In Zahlen verdeutlichte die österreichische Stadt Linz den wirtschaftlichen Nutzen, der durch Standortmarketing generiert werden kann. Durch den Titel Kulturhauptstadt Europas 2009 kann in den nächsten zwei Jahren mit 35,3 Millionen Euro Mehreinnahmen für die Wirtschaftsleistung von Oberösterreich gerechnet werden. Insgesamt schafft, bzw. sichert die Kulturhauptstadt im Zeitraum von 2005 bis 2011 4.625 Arbeitsplätze. Ein beispielhaftes Standortmarketing wird derzeit auch für die Region Ruhrgebiet aufgebaut, die das alte Image des Kohlenpott abstreift und die RUHR.2010 als starke und unverwechselbare Kulturmarke etabliert.
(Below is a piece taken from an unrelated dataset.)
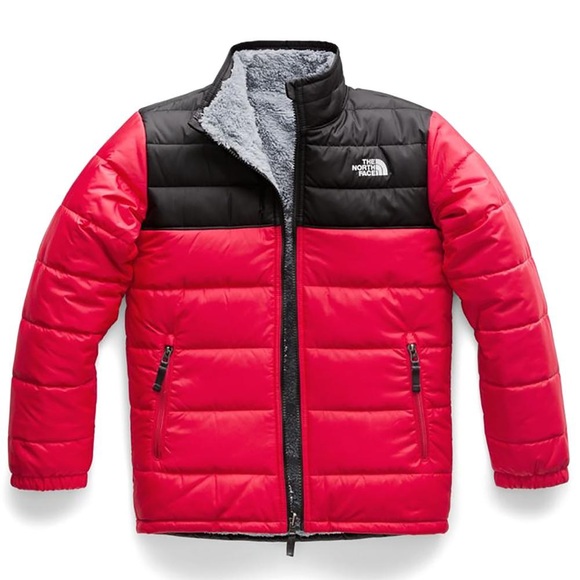 The North Face Other - North Face Boys Reversible puffer fleece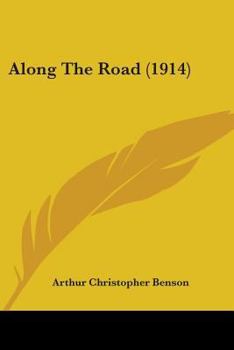 Paperback Along The Road (1914) Book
Grundlage für alle Beteiligten aus Politik, Kultur und Wirtschaft ist eine übergreifende Sichtweise. So sind Aspekte wie Umwegrentabilität, der Nutzen von Kultur als Standortvorteil und Investitionspotential nicht ausschließlich von volkswirtschaftlicher Relevanz. Auch dem kleinen Stadttheater oder dem lokalen Museum können diese neuen Zusammenhänge nutzen. Innerhalb von Budgetverhandlungen mit Kulturpolitikern oder in Verhandlungen mit Sponsoren stellt das Argument der Kulturförderung als Investition eine wichtige Grundlage. Insbesondere von der Politik fordert diese Entwicklung die Bereitschaft, langfristig und in multikausalen Kreislaufmodellen zu planen.
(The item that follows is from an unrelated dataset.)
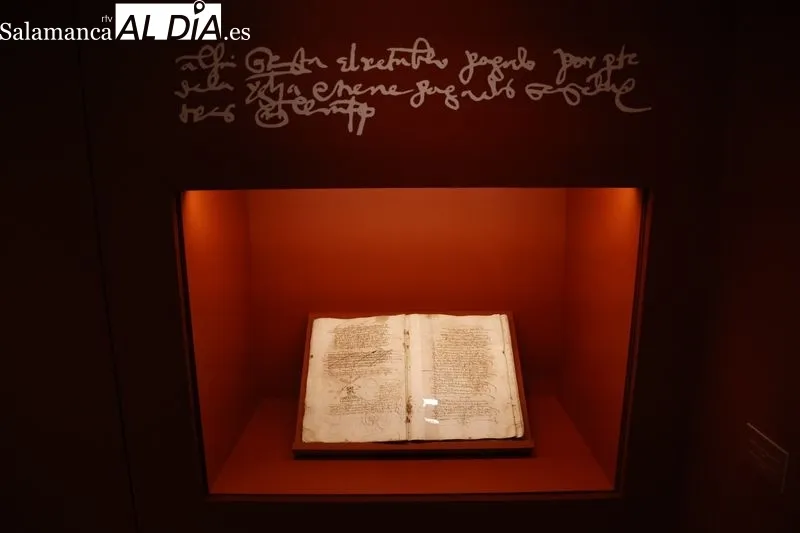 Nuevo museo de arte sacro en el Palacio Episcopal de Salamanca. Foto de David Sañudo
Fazit: Auch wenn Kulturanbieter im zunehmenden Maße von Sponsoringkooperationen mit der Privatwirtschaft profitieren, darf sich der Staat nicht aus der Förderung zurückziehen. Denn viele Kulturanbieter müssen auch weiterhin ihrem Bildungsauftrag gerecht werden und können nicht ausschließlich an wirtschaftlichen Interessen gemessen werden. Auch nicht vermarktungsfähige Projekte, sind ein grundlegender Bestandteil des kulturellen Gefüges. Eine Finanzierung von Kulturangeboten mit öffentlichen Mitteln ist gerade in Krisenzeiten eine wichtige Grundlage für Theater, Musik, Museum & Co.